Esperanza Spalding

Emily’s D+Evolution
Jazz singer and bassist Esperanza Spalding performing at the North Sea Jazz festival 2012 in Rotterdam, The Netherlands. Photo: JBreeschoten/Wikimedia.
Jazz singer and bassist Esperanza Spalding performing at the North Sea Jazz festival 2012 in Rotterdam, The Netherlands. Photo: JBreeschoten/Wikimedia.

Esperanza SpaldingPopularly known as that cute female jazz bassist with the Afro who bogarted the Best New Artist Grammy away from Justin Bieber in 2012, Esperanza Spalding’s new album is soul-jazz surrealism at it’s finest. Spalding courageously sidesteps the acid chick jazz of her female contemporaries. In its place is theatricality, poetry, joy, and the progressive leanings of her childhood.

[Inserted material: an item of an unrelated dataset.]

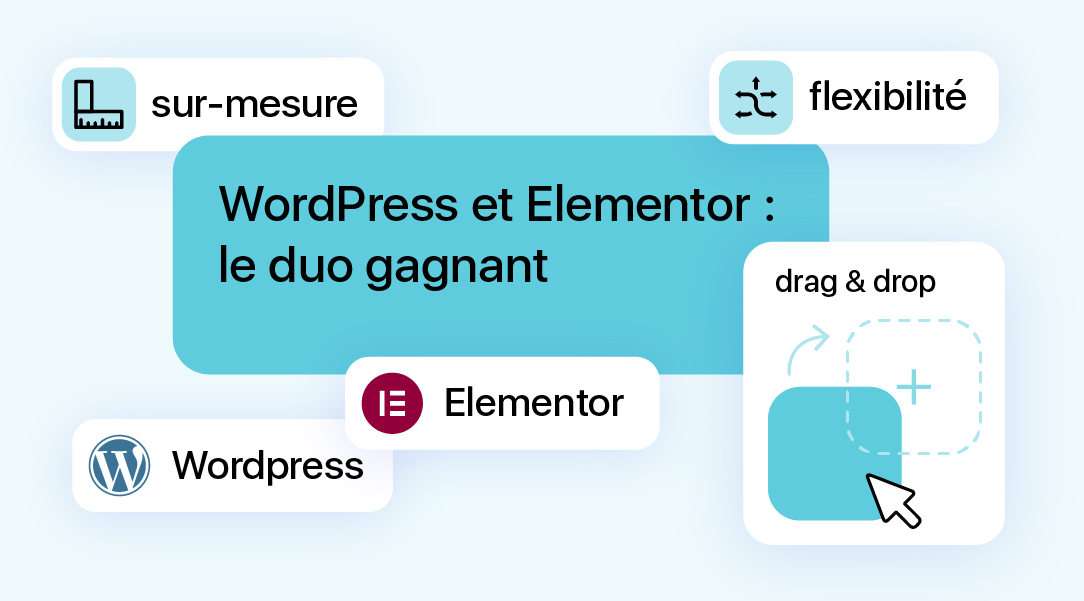 Illustration sur l’utilisation de WordPress et Elementor pour créer des sites flexibles et sur mesure.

This new album fuses the freedom of jazz with contemporary musical theatre, rock, and spoken word. Refreshingly reminiscent of Joni Mitchell’s mid-’70s Jaco period, Spaulding is center stage performing songs of love, introspection, and self-exploration. Standing upon the shoulders of Meshell Ndegeocello and Janelle Monae, her music undulates and turns on a dime. And all this accompanied by gorgeously discordant guitar clusters and inventive textures.

With dazzling bass work throughout, Spalding is accompanied by Corey King on keys, trombone, and background vocals; drummers Justin Tyson and Karriem Riggins; and the wonderfully gifted guitarist Matthew Stevens.

Lush vocal harmonies dance with atmospheric guitar over layers of dreamy hybrid soul. Highlights include the Mitchell-esque “Earth To Heaven,” the angular “Rest In Pleasure,” and the alternate version of “Unconditional Love” with its mesmerizing guitar solo.